The shell-side liquid stream in this process normally contained a low level of caustic. Operating upsets caused an increase in caustic concentration sufficient to subject the ferritic tube welds to stress corrosion. Daily lab tests were routinely made of the tube-side stream to measure chloride concentration. These tests required 10 hours before results were known. In this period, if an undetected leak developed, unacceptable contamination would occur. In addition, two days of downtime were required to clean and decontaminate the exchanger, find the leak and plug the tube.

Locations where leaks were found indicated that more than 90% occurred in the region of the tube/tube sheet.
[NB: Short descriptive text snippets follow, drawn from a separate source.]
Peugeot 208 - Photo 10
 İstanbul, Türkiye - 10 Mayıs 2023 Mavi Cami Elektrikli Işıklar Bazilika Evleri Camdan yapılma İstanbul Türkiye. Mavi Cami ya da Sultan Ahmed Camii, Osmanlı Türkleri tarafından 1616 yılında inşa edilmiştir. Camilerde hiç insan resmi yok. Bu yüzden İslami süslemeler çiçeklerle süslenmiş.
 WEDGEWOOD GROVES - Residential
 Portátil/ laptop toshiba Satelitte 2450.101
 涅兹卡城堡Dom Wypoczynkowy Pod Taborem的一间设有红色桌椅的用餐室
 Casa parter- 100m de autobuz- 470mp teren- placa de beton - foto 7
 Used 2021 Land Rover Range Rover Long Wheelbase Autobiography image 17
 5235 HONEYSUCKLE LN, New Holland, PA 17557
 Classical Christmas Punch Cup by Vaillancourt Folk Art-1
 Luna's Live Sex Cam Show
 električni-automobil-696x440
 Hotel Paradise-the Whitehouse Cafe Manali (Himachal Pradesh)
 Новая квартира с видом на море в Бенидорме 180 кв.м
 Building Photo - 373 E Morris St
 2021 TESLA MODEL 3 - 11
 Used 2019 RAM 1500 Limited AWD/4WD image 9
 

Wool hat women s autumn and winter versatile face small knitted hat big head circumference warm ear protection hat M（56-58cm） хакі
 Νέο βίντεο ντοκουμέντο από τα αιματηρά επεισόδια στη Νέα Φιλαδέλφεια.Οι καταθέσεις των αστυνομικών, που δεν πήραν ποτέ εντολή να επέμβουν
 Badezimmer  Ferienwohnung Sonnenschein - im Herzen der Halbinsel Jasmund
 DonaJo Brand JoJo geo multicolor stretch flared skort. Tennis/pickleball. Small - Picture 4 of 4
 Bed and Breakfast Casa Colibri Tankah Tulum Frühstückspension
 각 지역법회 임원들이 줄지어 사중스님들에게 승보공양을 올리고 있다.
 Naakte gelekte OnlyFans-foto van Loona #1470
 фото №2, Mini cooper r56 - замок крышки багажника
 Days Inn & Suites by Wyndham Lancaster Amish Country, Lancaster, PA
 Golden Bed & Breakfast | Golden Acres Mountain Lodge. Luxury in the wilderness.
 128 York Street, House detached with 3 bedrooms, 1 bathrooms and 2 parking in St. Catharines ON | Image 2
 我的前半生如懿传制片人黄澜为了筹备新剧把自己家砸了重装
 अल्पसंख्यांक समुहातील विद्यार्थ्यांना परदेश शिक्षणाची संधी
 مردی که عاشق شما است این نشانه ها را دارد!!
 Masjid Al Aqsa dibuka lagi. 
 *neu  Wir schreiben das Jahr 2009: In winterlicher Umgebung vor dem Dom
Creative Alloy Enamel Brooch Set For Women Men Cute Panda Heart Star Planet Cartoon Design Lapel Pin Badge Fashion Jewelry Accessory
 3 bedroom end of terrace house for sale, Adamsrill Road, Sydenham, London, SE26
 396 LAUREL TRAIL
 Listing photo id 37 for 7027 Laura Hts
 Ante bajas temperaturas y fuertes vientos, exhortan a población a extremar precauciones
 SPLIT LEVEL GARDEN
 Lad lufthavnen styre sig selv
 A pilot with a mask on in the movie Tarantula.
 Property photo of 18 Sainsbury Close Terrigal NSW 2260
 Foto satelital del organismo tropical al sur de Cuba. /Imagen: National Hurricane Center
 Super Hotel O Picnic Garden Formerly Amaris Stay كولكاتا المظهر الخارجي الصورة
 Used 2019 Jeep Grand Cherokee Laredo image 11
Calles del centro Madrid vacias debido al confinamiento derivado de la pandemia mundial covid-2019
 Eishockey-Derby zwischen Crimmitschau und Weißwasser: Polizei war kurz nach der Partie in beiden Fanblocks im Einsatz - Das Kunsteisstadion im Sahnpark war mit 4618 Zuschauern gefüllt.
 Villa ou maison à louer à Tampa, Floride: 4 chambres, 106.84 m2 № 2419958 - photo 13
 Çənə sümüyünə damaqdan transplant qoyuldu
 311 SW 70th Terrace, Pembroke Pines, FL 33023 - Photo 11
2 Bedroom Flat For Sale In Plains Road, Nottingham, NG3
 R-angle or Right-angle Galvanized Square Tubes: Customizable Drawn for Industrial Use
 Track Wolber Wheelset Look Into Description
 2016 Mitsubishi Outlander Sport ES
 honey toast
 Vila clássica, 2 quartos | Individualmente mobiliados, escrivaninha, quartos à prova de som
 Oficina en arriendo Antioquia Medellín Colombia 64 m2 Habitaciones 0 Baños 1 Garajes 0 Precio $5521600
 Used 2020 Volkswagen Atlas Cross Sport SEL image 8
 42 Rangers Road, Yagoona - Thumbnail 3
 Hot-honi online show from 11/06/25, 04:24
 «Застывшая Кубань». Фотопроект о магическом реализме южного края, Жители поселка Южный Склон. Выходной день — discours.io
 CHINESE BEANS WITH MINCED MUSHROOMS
Further work including leak tests and visual inspections pinpointed the cause as stress corrosion cracks in the tube-to-tubesheet welds.

Under these circumstances, and after investigation of promising NDT solutions, a feasibility study indicated that a portable UT fixture could be designed for in-situ, field application using a conventional pulse echo ultrasonic flaw detector.

This design includes a captive, water coupled transducer configuration which permits precise, reproducible “aiming” of the UT beam and minimizes reception of undesired echoes.

As indicated, the incident UT beam in water produces a refracted shear wave in the carbon steel tube/weld region. This configuration gives a relatively “clean” flaw echo and minimizes undesired backscatter from the tube and weld surfaces. Tests indicated that use of a 5 MHz transducer permitted detection of cracks equivalent to the response from a 1/32” diameter flat bottom hole.

In addition to inspecting tube-to-tubesheet welds:

The fixture can be modified to evaluate external corrosion and pitting in the tube wall within a distance of up to 12” from the tube sheet.

In conventional tubes rolled into the tubesheet, the tube OD can be checked for crevice corrosion adjacent to rolled region in the tubesheet.

These capabilities are illustrated at the transducer angle beam and normal beam positions (A) and (B) in Fig. 2. In these examples the transducer carrier is repositioned so that the normal beam transducer is opposite the respective points of interest.

The above example(1) was designed for use in exchangers tubed with ferritic tubes, 31.8 mm (1.272”) x 3.6 (0.144”) mm wall. Other fixtures(2) have been designed and made to accommodate tubes ranging from 1” up to 1 1/2” in OD.

References

1. This plant formerly operated by Exxon Chemical Co., located in Redwater, Alberta, Canada
2. Rohm & Haas, Inc., Deer Park, Texas.